Pictures with short captions
----------------------------------------
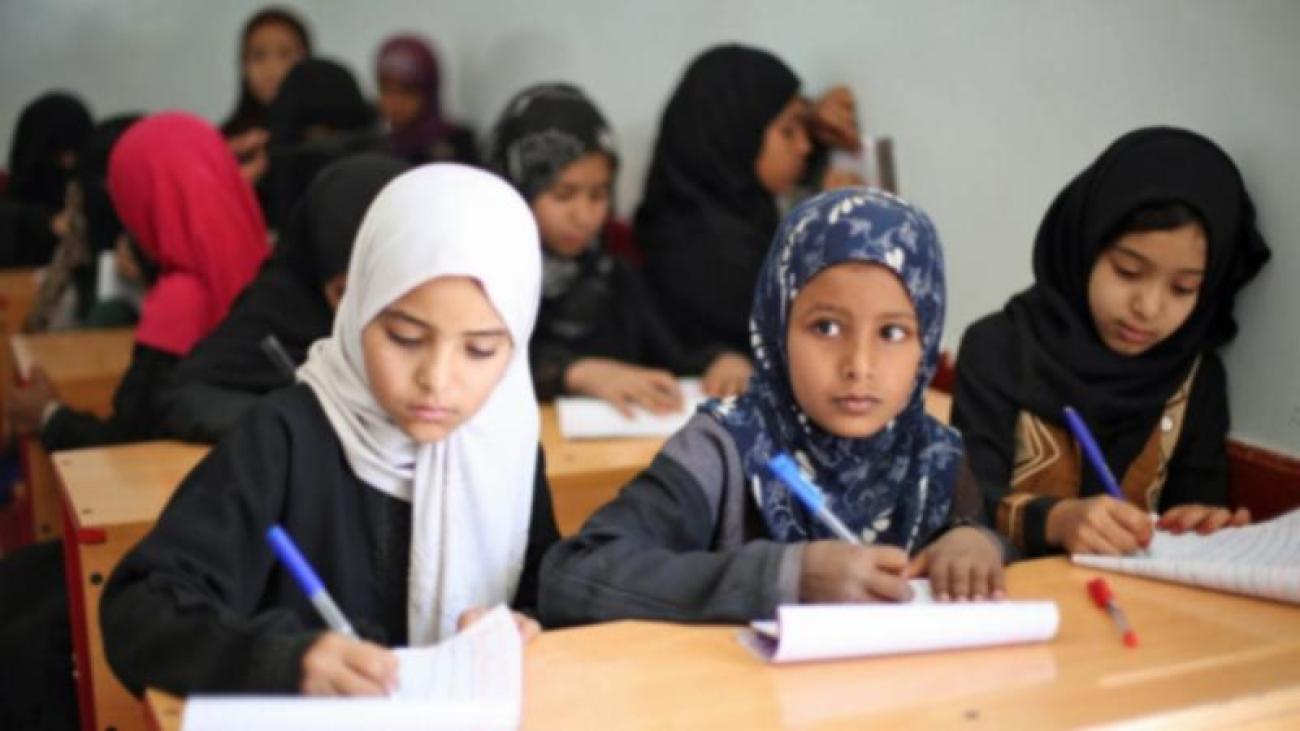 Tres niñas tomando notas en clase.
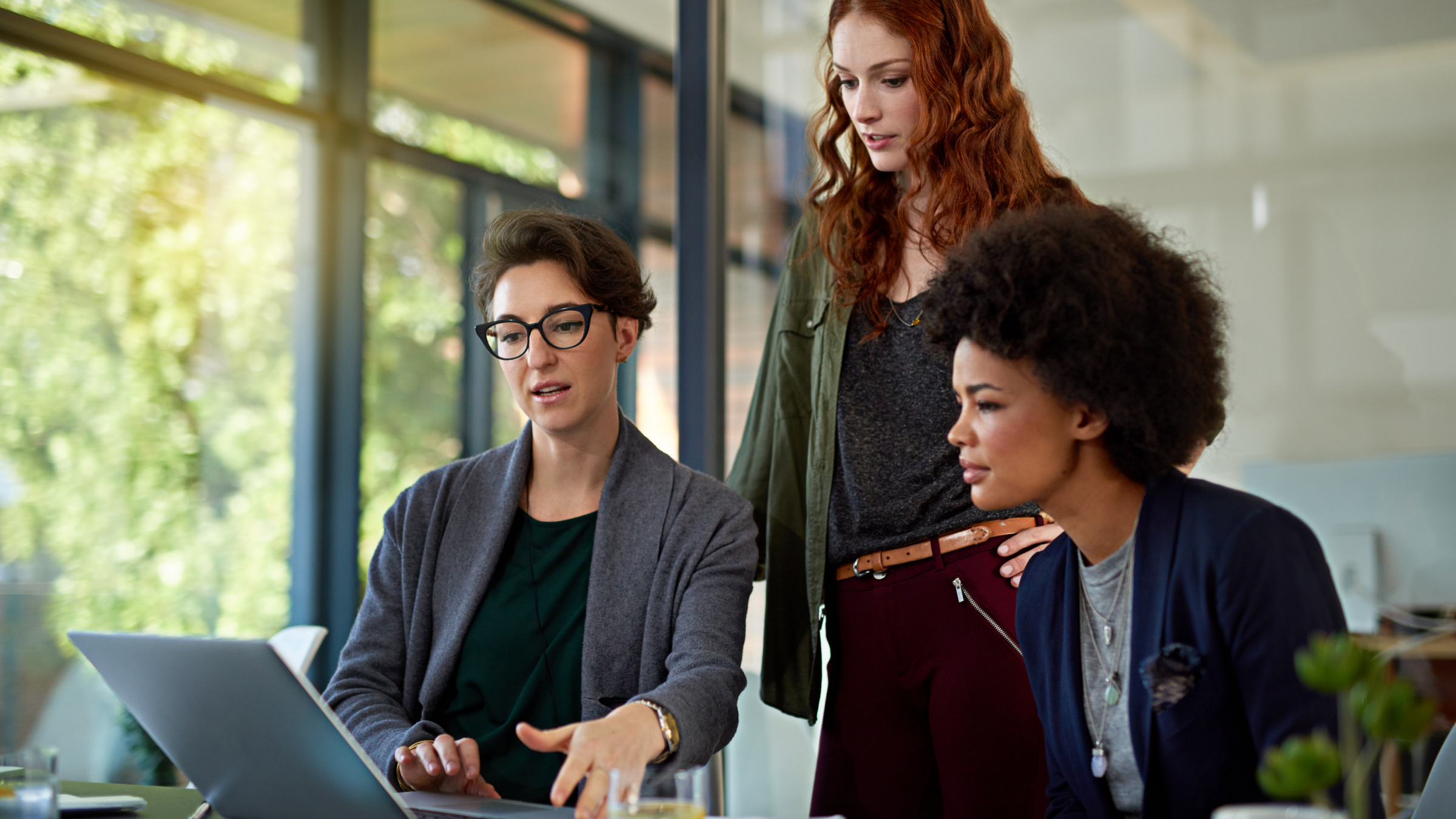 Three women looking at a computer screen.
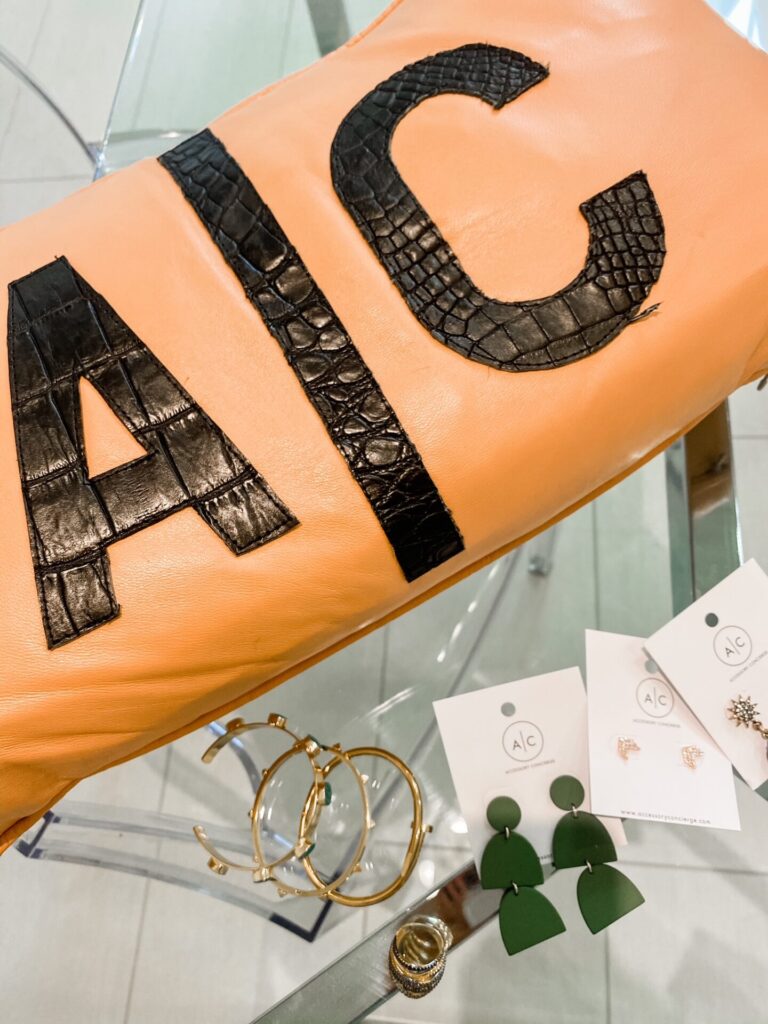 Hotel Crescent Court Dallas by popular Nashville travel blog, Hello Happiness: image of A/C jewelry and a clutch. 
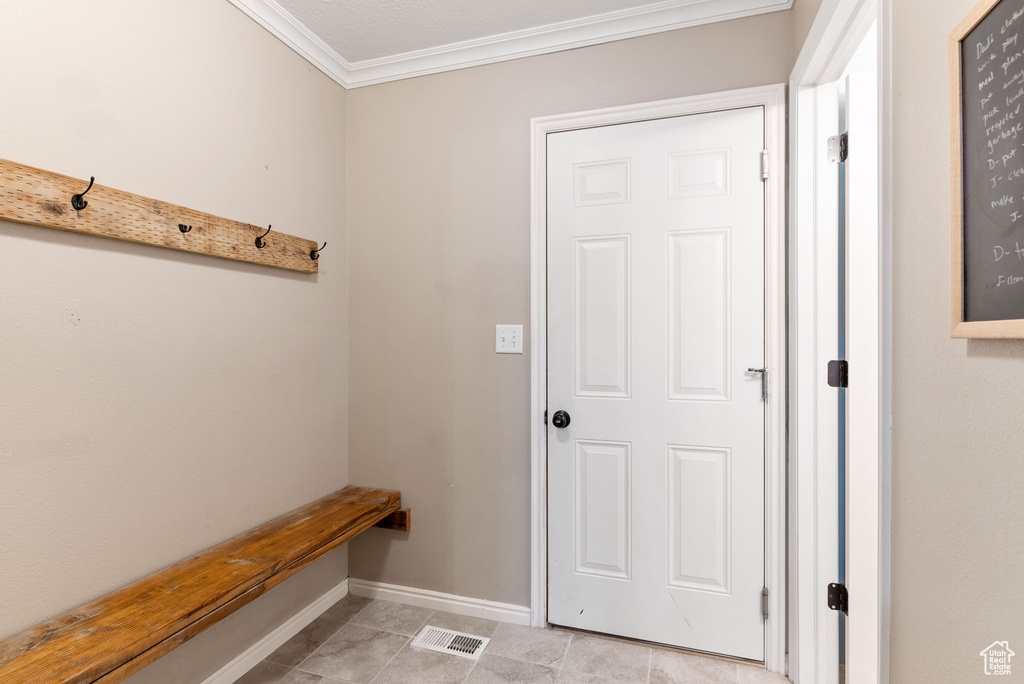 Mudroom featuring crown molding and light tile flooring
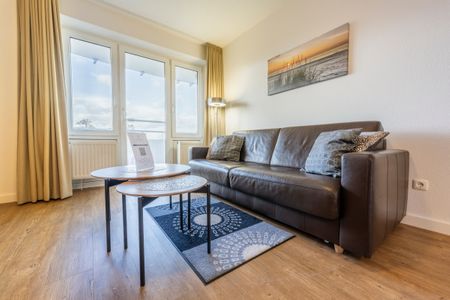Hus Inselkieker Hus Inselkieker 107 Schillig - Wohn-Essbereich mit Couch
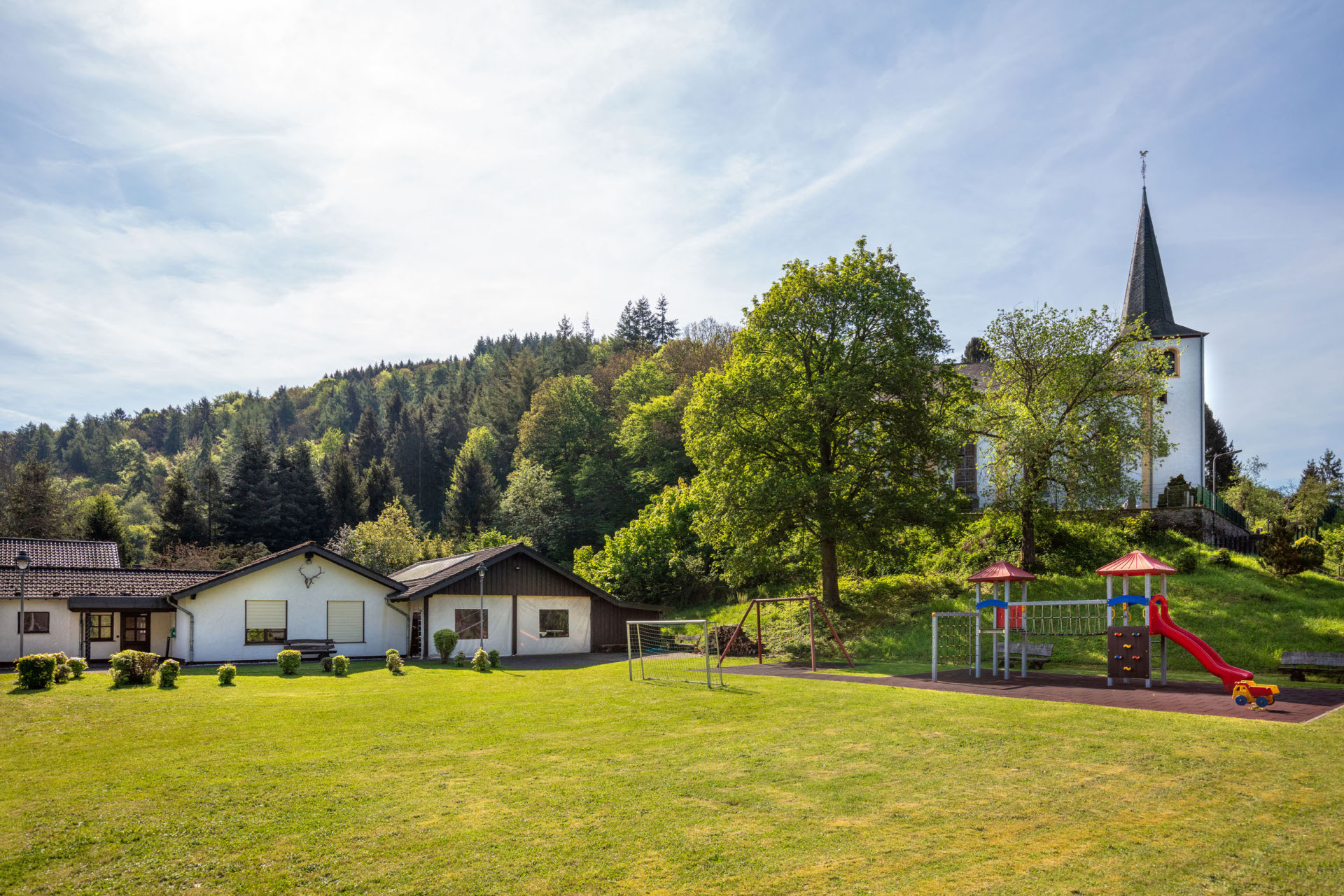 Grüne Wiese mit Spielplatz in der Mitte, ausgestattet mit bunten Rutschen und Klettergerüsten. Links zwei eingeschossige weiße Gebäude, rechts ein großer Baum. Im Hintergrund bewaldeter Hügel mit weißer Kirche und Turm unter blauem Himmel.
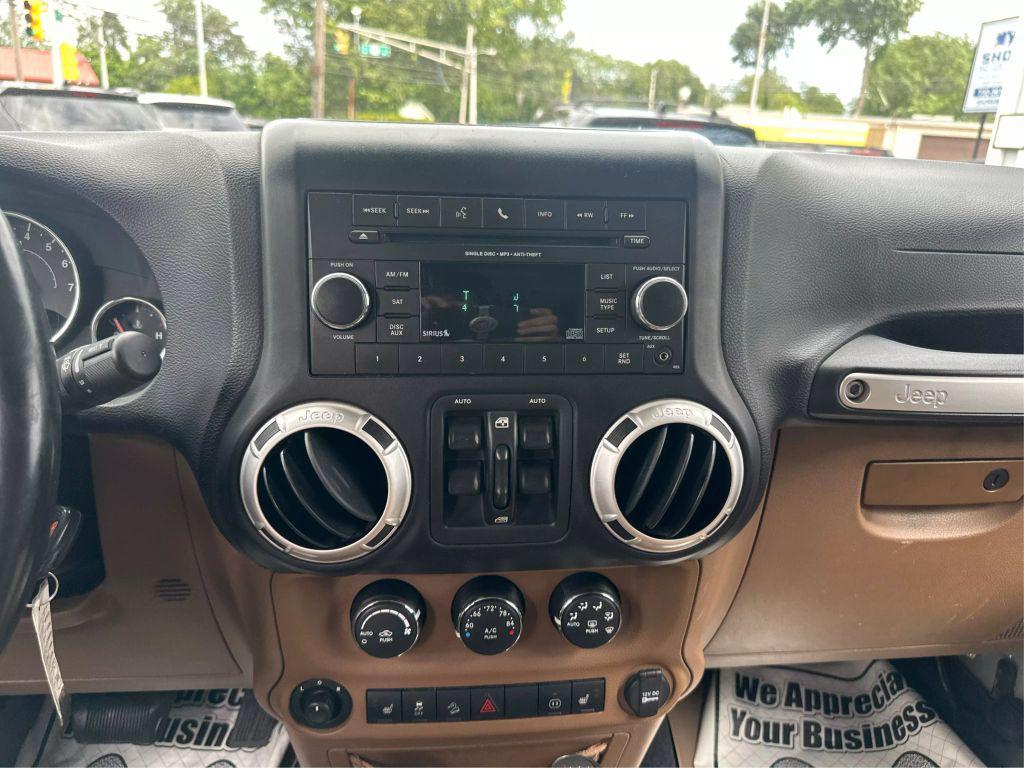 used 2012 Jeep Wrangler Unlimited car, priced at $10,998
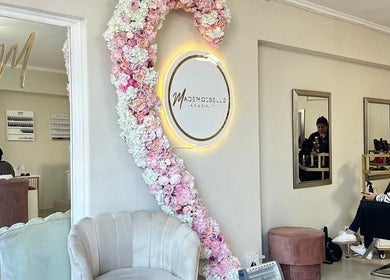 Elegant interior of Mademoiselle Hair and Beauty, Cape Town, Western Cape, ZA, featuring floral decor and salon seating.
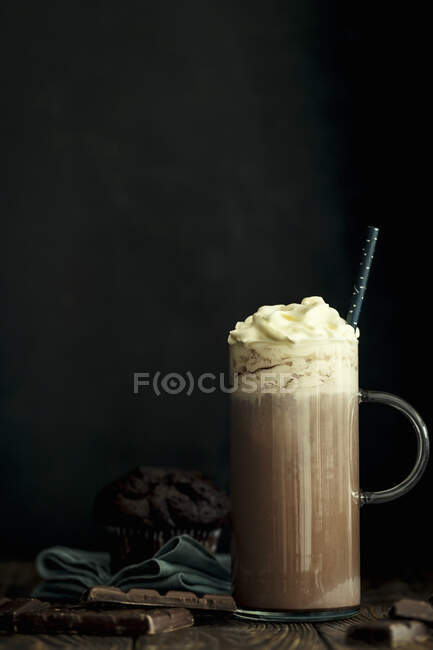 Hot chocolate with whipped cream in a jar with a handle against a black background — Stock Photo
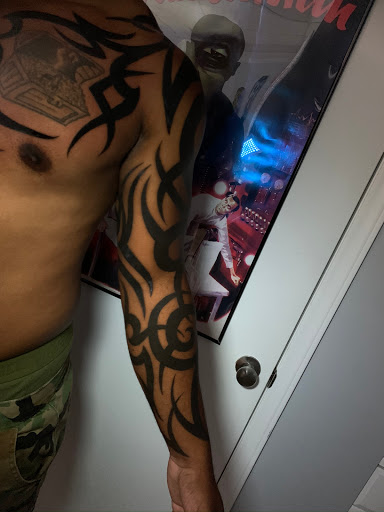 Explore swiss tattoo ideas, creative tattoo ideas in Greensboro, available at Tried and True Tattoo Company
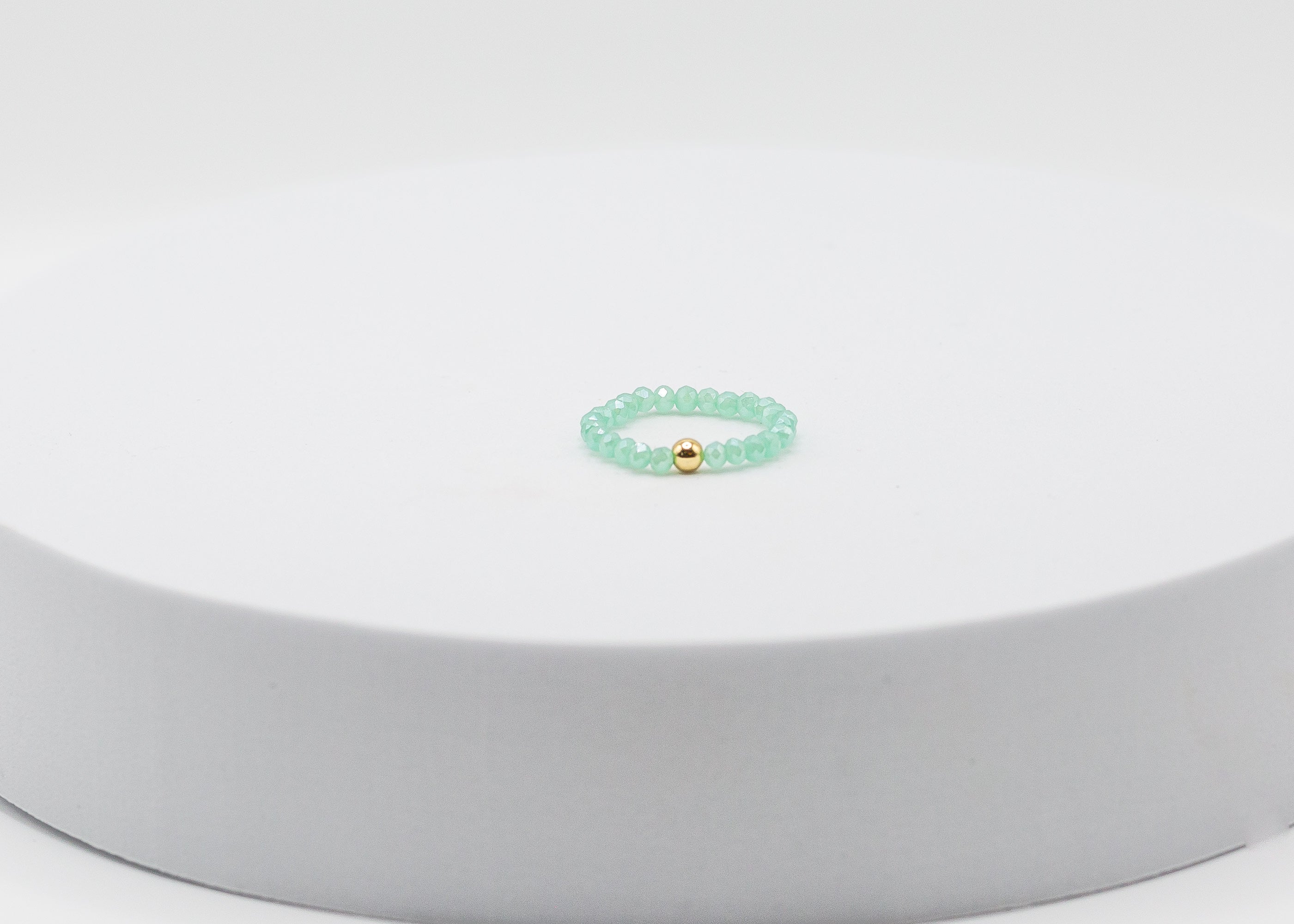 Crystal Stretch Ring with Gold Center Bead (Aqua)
----------------------------------------
__What this task involves__:
Start with the line above containing "Hus Inselkieker Hus" and end with the line containing "Grüne Wiese mit". Set down that stretch exactly, without any pictures.

__Result of the task__:
Hus Inselkieker Hus Inselkieker 107 Schillig - Wohn-Essbereich mit Couch
 Grüne Wiese mit Spielplatz in der Mitte, ausgestattet mit bunten Rutschen und Klettergerüsten. Links zwei eingeschossige weiße Gebäude, rechts ein großer Baum. Im Hintergrund bewaldeter Hügel mit weißer Kirche und Turm unter blauem Himmel.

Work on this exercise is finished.